This was a bit disappointing since a training step with the full-sized DM took around two seconds. This optimization's speedup should've been unrelated to the DM's size since I didn't compile the DM, so I expected this speedup to be negligible (about 0.0255 / 2 = 1.27% speedup) when training. Unsatisfied by a 1% speedup, I continued attempting to compile the DM with TorchDynamo. I eventually got it to train (only when using one TPU core) but I had to reduce the batch size 8x (128 → 16 per-device batch size) to get the thing to fit into memory. And I was running out of Kaggle TPU time, so I just ran a training run using torch.compile only on the VAE and CLIP embedder.

Yet when I resumed training with what I expected to be a 1% speedup, I got a 25% speedup, with step time going down to 1.6 s/step. Apparently torch.compile made the DM forward, backward, and optimizer step run WAY faster in the Python processes (I'll stress it again, I didn't compile the DM or the optimizer)! I don't know why, but I'll take it.

Trace viewer when compiling the VAE and CLIP embedder. Look, no idle time!

FLOPs utilization goes from 55.3% without compiling to 68.4% when compiling the VAE and CLIP embedder with torch.compile. Actually, I think FLOPs utilization is closer to 65% since this snapshot didn't profile any loss logging which adds some idle time.

Optimization Summary

Micro-optimizations (no FLOPs utilization increases recorded for these)

Logging loss every 32 steps
Writing custom multi-head attention class
Replacing GELU with SiLU
Better attention head splitting
Reduce usage of torch.split
No biases in transformer blocks

Macro-optimizations

Optimization description	FLOPs utilization (%)	Idle time (%)	FLOPs utilization increase over previous optimization	FLOPs utilization increase over baseline
baseline (small models, per-device batch size=32)	23.4	61.1	1.00	1.00
TPU-friendly models + per-device batch size=128	55.3	19.5	2.36	2.36
Compile VAE and CLIP embedder with torch.compile	68.4	6.2	1.24	2.92

Strange Bugs

Note: These are also ordered from when I found them.

XLA_USE_BF16=1 destroys training

Mixed precision is faster.
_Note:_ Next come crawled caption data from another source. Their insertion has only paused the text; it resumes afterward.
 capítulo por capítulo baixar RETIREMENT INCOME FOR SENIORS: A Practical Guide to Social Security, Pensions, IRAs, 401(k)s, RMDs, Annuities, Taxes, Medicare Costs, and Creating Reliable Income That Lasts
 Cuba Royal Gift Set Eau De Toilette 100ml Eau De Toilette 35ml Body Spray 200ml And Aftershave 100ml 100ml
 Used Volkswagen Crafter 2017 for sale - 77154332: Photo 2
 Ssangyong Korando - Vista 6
Using just bfloat16 can speed up TPU training by up to 60% [9], and PyTorch allows this by setting the environment variable XLA_USE_BF16=1 [10]. However, while the model forward and backward passes work fine in bfloat16, the noise schedule in the DM (as well as the DDIM sampler) requires the float32 precision, which I realized when all of the DM outputs was black after some training. Inspecting many components of my training script, I eventually found that the noise variances in the noise scheduler would differ between bfloat16 and float32, which messed with the signal and noise variances for each step.
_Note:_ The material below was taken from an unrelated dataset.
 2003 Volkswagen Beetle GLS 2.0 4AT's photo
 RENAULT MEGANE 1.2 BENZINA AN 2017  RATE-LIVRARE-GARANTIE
Using bfloat16 results in strange noise scheduler behavior when compared to float32.

Specifically, in the DDIMSampler code, there are lines:


self.betas = 1 - self.alphas
(omitted code)
beta_ratio = self.betas[t-1] / self.betas[t]

The graph above shows self.alphas, and notice in the bf16 graph, there are multiple steps t where self.alphas[t] = 1, meaning that self.betas[t] = 0. This means that there would by a divide-by-zero error in beta_ratio, which would cause any tensors that use beta_ratio to be corrupted (such as the outputs of the DDIM sampling).
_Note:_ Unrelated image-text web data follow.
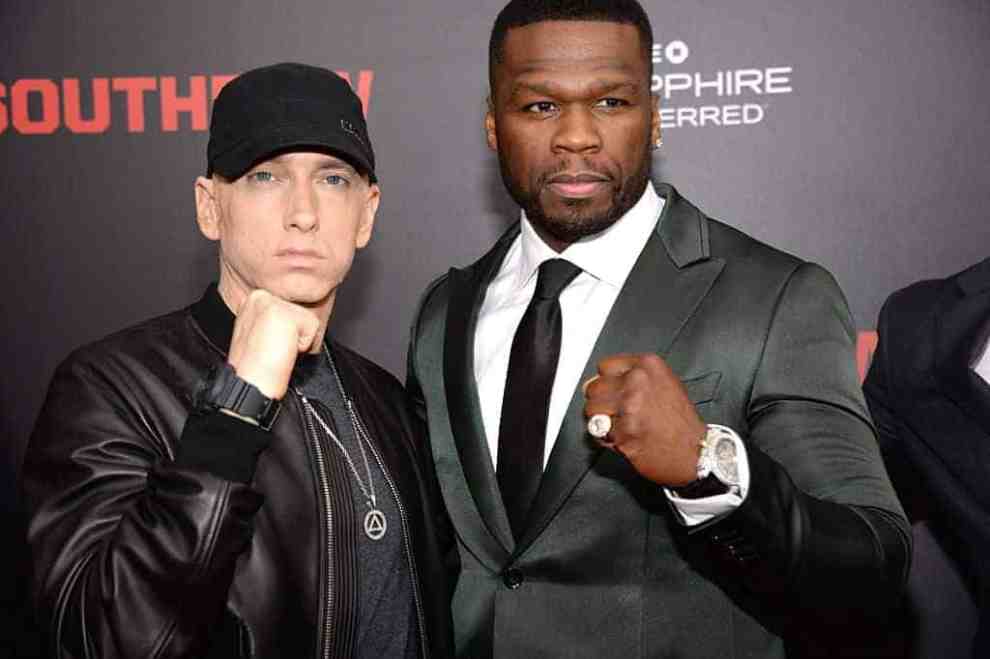 Eminem & 50 Cent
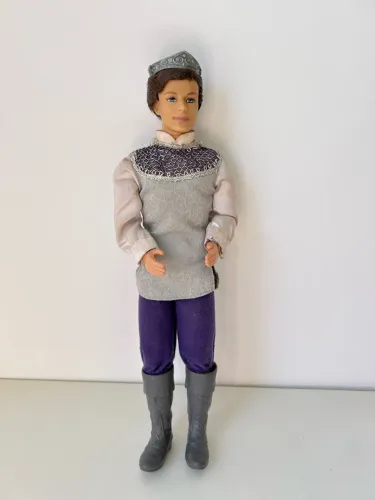 Ken Príncipe Stefan 2005 - Barbie Rapunzel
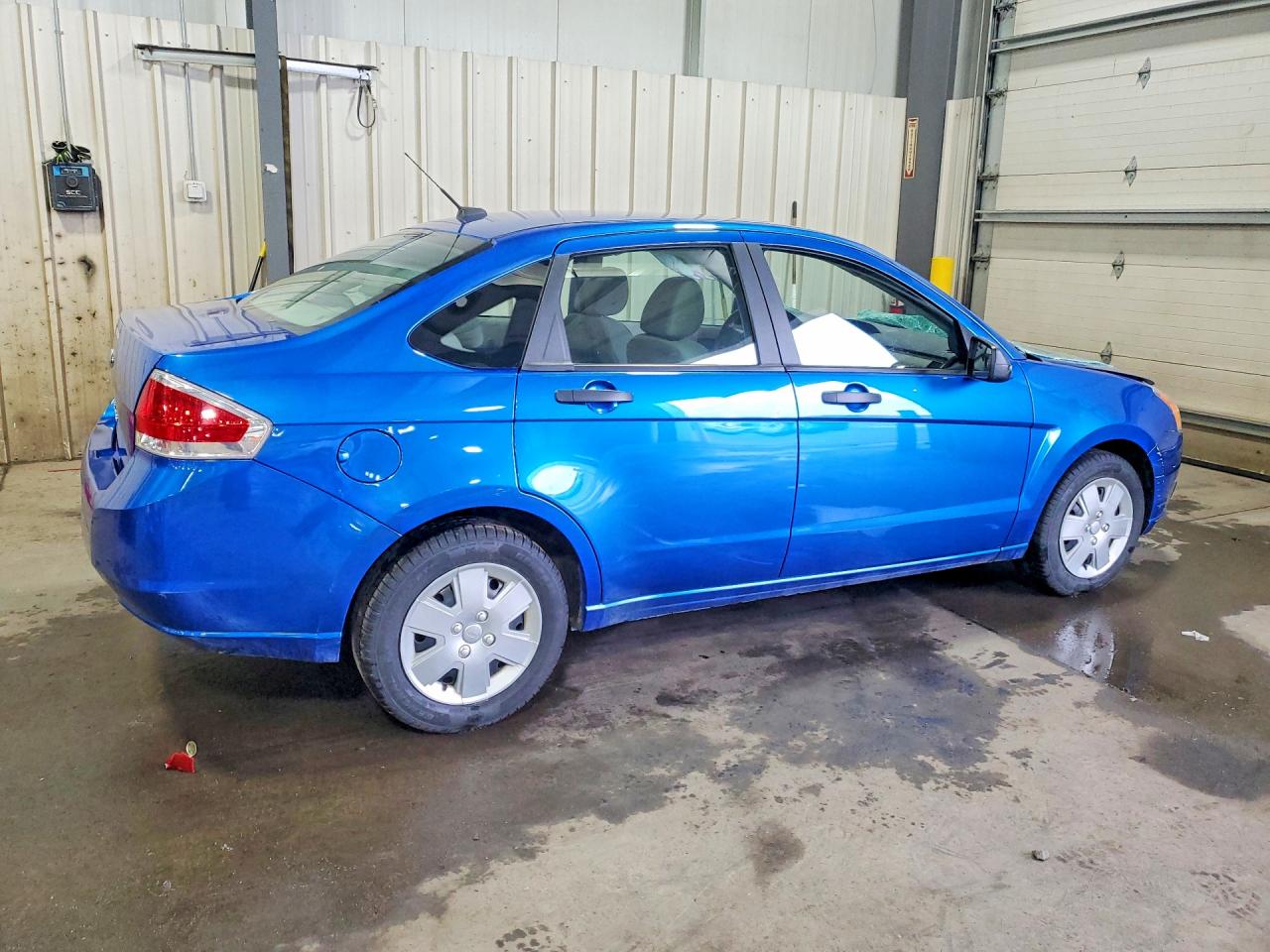 Ford Focus S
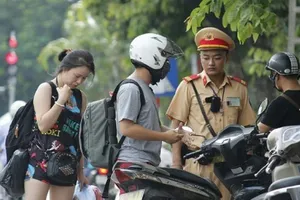 Hà Nội bổ sung 15 tổ đặc nhiệm 141 để trấn áp tội phạm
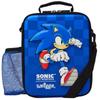 Smiggle Australia Sonic Cartoon Large Waterproof School Backpack for Kids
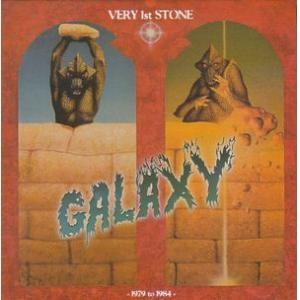 galaxy: very first stone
To deal with this, I set the environment variable XLA_DOWNCAST_BF16=1, which gives me access to float32 precision by casting a tensor to torch.double [10]. I suppose there are multiple ways to deal with this problem, but this was the first one that came to my mind, and since the noising/denoising computation is negligible compared to the forward/backward passes, I didn't worry too much about optimizing this.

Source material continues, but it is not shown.